- Source records -
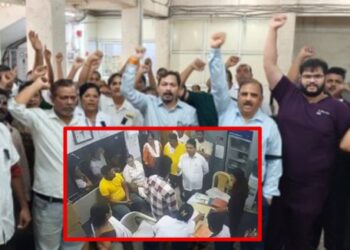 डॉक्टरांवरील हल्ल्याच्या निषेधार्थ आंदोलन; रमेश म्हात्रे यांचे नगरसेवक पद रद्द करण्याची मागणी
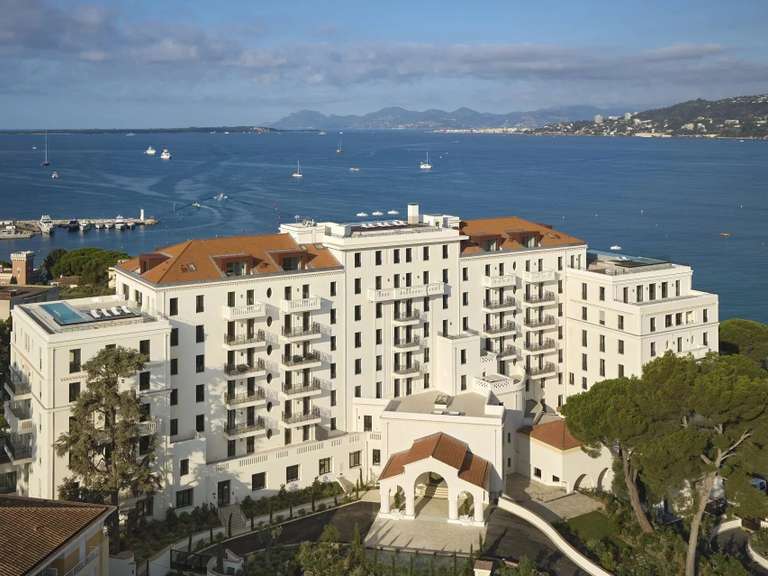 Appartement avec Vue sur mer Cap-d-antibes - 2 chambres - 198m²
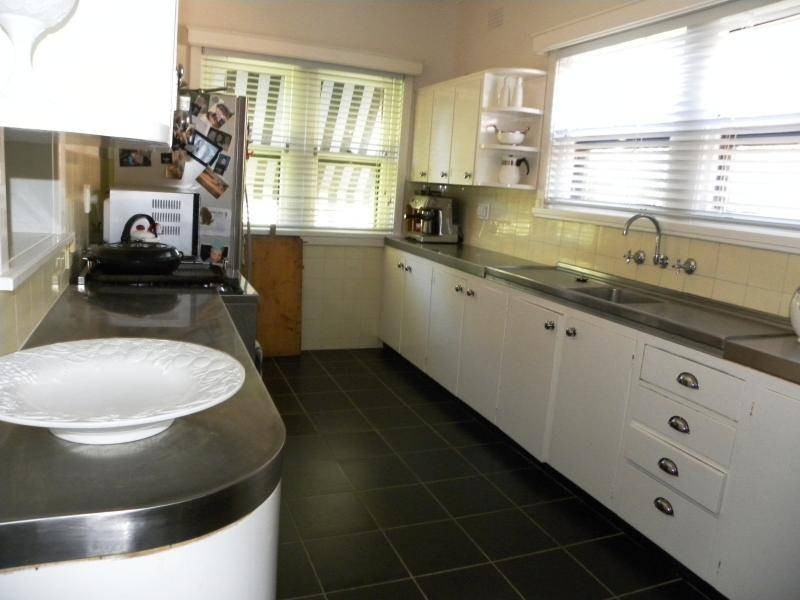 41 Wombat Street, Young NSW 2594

--

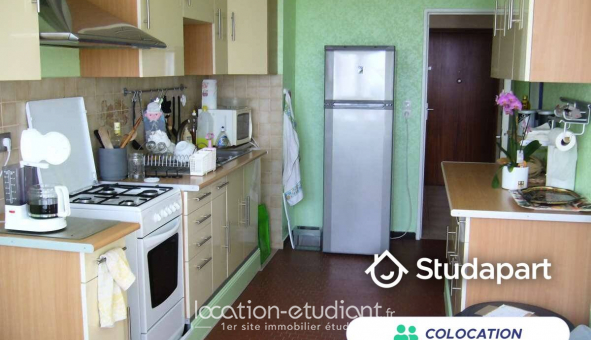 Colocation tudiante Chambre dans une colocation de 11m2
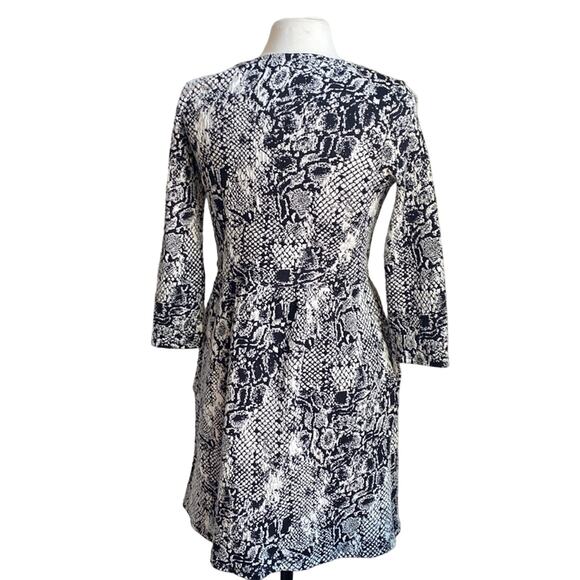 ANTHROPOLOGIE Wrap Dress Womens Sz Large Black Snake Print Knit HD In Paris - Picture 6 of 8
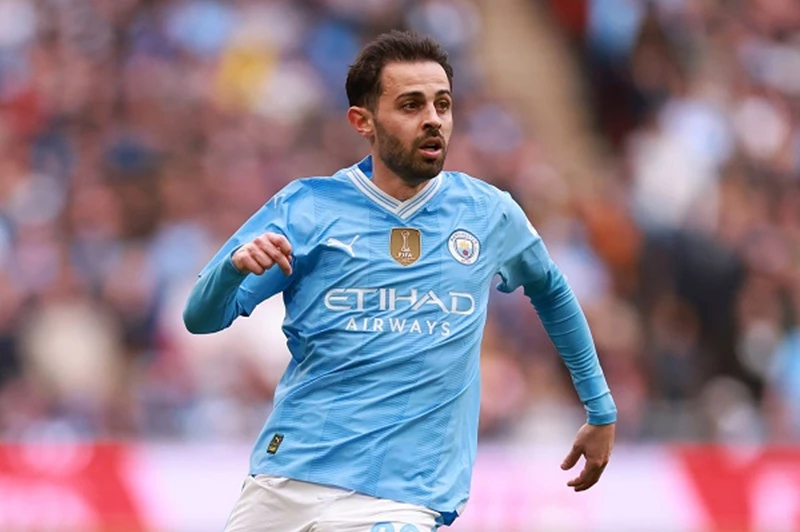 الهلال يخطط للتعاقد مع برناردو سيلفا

...

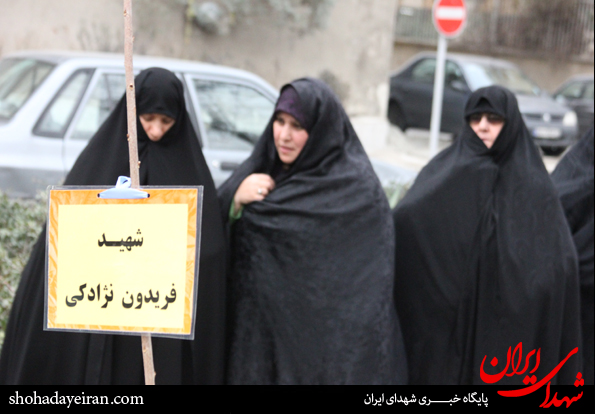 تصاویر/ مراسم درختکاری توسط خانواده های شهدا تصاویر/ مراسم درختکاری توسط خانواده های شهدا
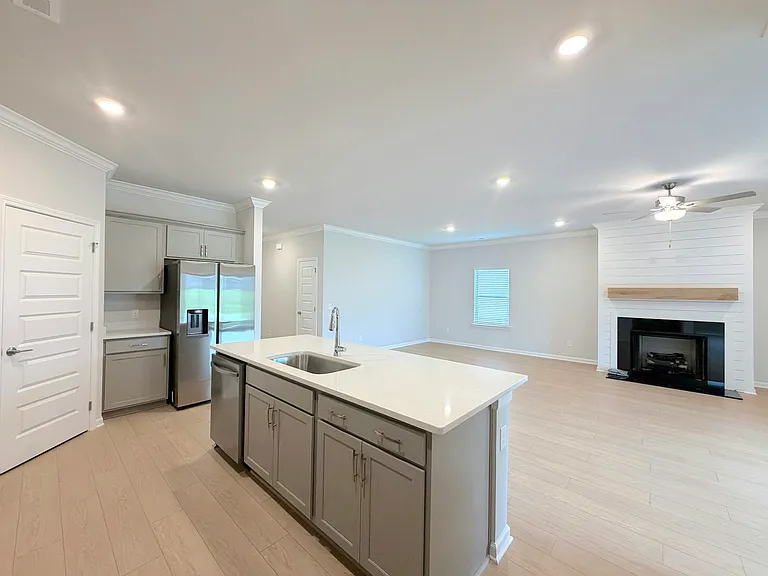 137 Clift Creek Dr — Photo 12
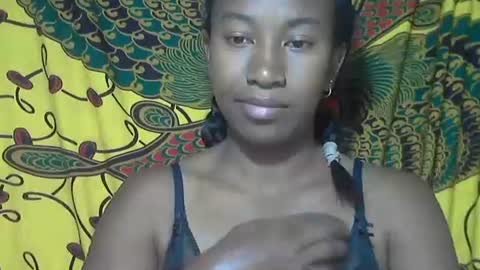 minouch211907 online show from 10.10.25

- How to complete this task -
Using the entries above, write out exactly the lines from the one with "تصاویر/ مراسم درختکاری توسط خانواده های شهدا تصاویر/" through the one with "minouch211907 online show from 10.10.25", ends included. Leave out any pictures.

- Solution to the exercise -
 تصاویر/ مراسم درختکاری توسط خانواده های شهدا تصاویر/ مراسم درختکاری توسط خانواده های شهدا
 137 Clift Creek Dr — Photo 12
 minouch211907 online show from 10.10.25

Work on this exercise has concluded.